This is a quick protocol of the kvmtool hacking session with @richard @dxld @goliath @littlelion and @Lambda
Preliminary discussion
Kvmtool currently has the problem that off-the-shelf OS images will not boot because it doesn’t really have BIOS/firmware support (at least on x86) yet.
We want to investigate what needs to be done to make that happen or make kvmtool usable with common linux distros some other way.
Get it booting with firmware
Richard found the Gerd’s patch series1 for seabios which seems to enable using seabios as a firmware image with kvmtool.
We found that we need to apply patches [1/3]
and [2/3]
to seabios master to
get things working. To apply them we used patch -p1 < mbox...
[2]. We
didn’t look at [3/3]
for now.
[2]: git-am is too picky and won’t allow the necessary fuzz
Konfig need some tweaking though to get things working. We need to first do
make defconfig
and then set CONFIG_KVMTOOL=y
and CONFIG_ROM_SIZE=128
in make menuconfig
. The defconfig seems to default to ROM_SIZE=0
even
though patch [1/3]
adds a default 128 if KVMTOOL
. We’re unsure if/how
that’s supposed to work.
With this we can get seabios and grub/syslinux booting. However the kernel/initrd will be unable to find any virtio block devices.
This is because kvmtool uses nasty kernel cmdline hacks to elide having to
write various tables, see kvm__arch_set_cmdline()
in
kvmtool/x86/kvm.c
. To get PCI working in the guest we found that enabling
--sdl
on the kvmtool commandline works.
Note that to enable --sdl
support in kvmtool, libsdl1.2-dev
(Debian)
needs to be installed before running make
.
While this might seem bizzare we can see how the kernel will try to find
either a HOST_BRIDGE
or DISPLAY_VGA
device in pci_sanity_check()
and
while kvmtool does not seem to provide a HOST_BRIDGE
, with --sdl
we get
a DISPLAY_VGA
device at least.
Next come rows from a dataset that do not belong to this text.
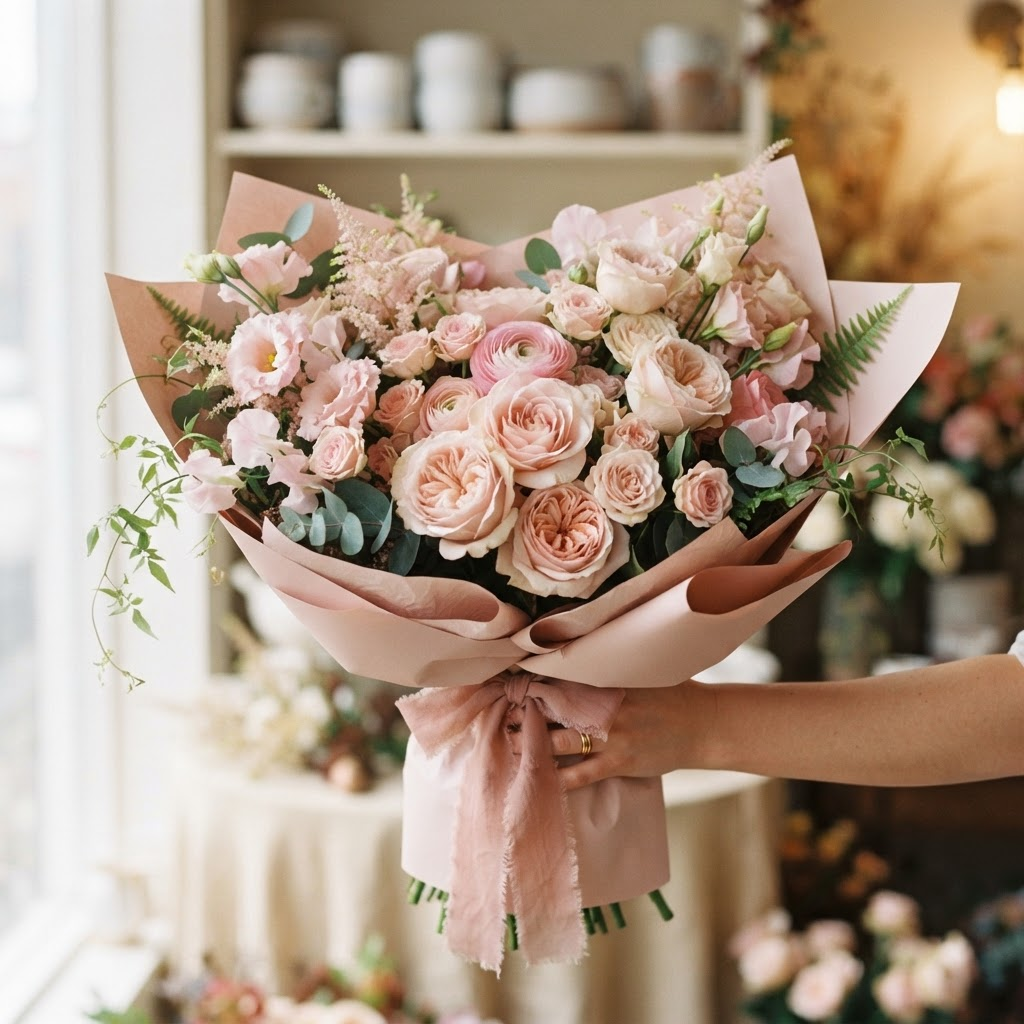 Blush Pink Bouquet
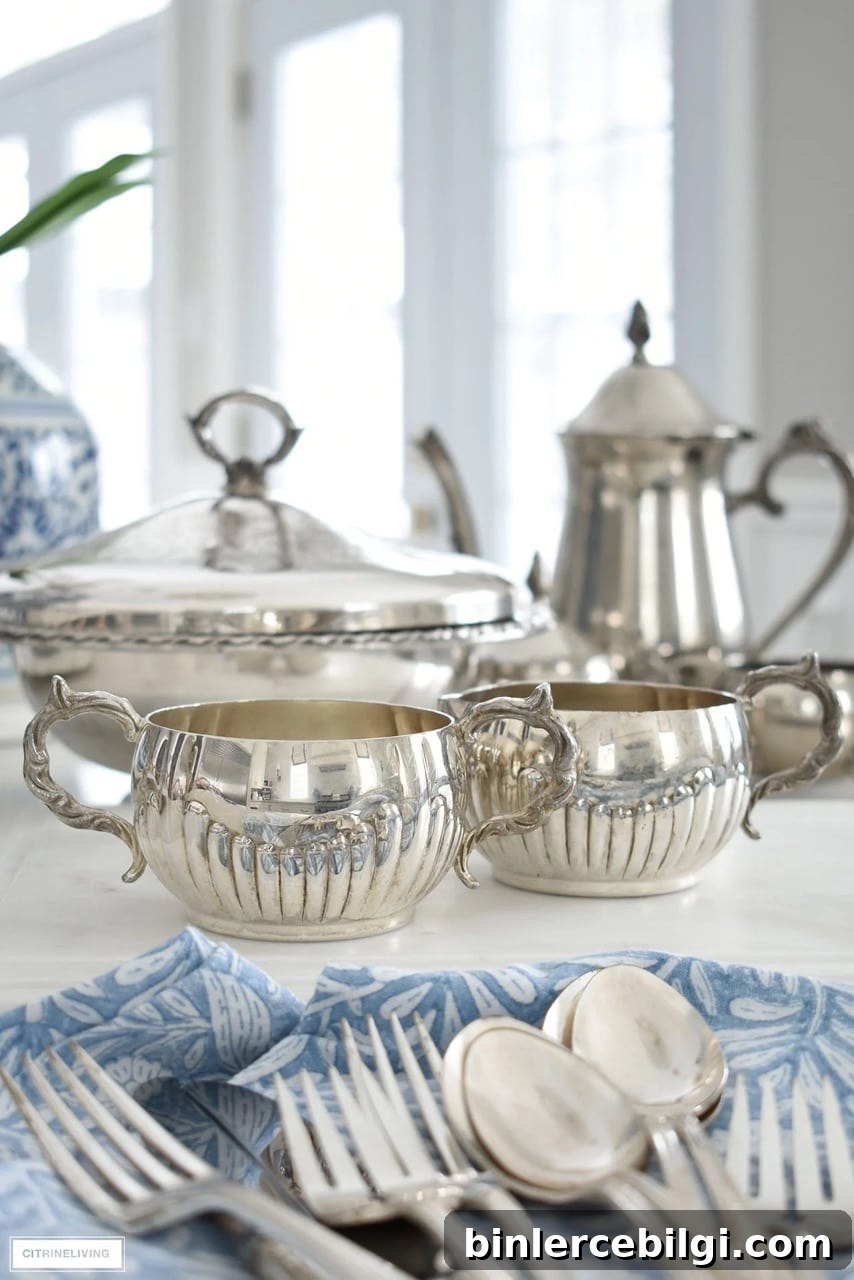 polished silver tutorial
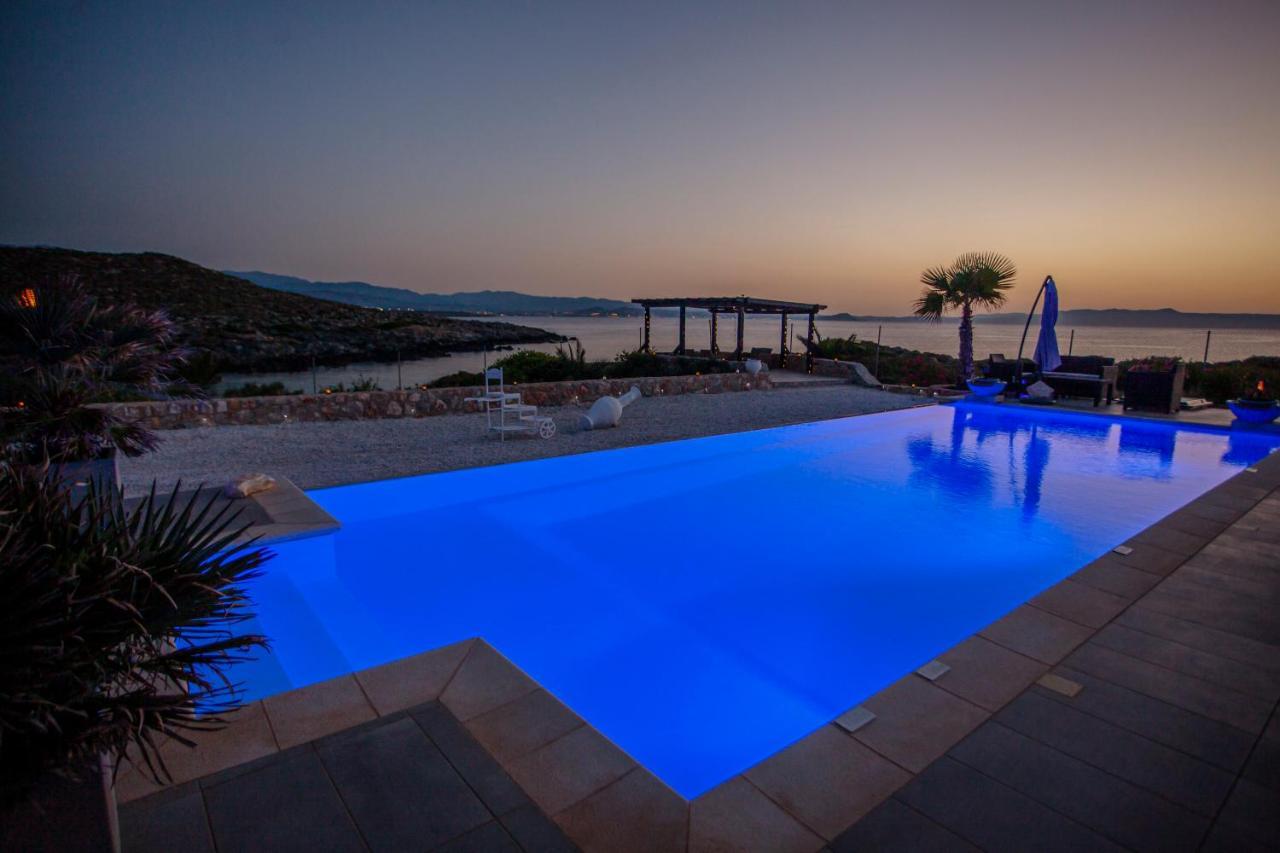 Tersanas Beach Lodges Exteriér fotografie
This will subsequently allow
pci_check_type1()
to succeed.
Note: Kvmtool would usually pass pci=type1
on the kernel cmdline as
discussed before to skip this check entirely.
So together with --sdl
we can successfully boot both Debian and OpenSUSE
images.
Full working command line:
$ ./lkvm --firmware ../seabios/out/bios.bin --disk my-distro-disk.img --sdl
Get SMP working
When we set --cpus
to something greater than one we don’t get see any
extra cpus in the guest. After much investigating we found that when a
kernel is booted by plain kvmtool --kernel
an MP table is passed in which
contains ncpus info.
Seabios however overwrites the memory where kvmtool put the mptable in
malloc_init()
specifically the f-segment in the BIOS memory.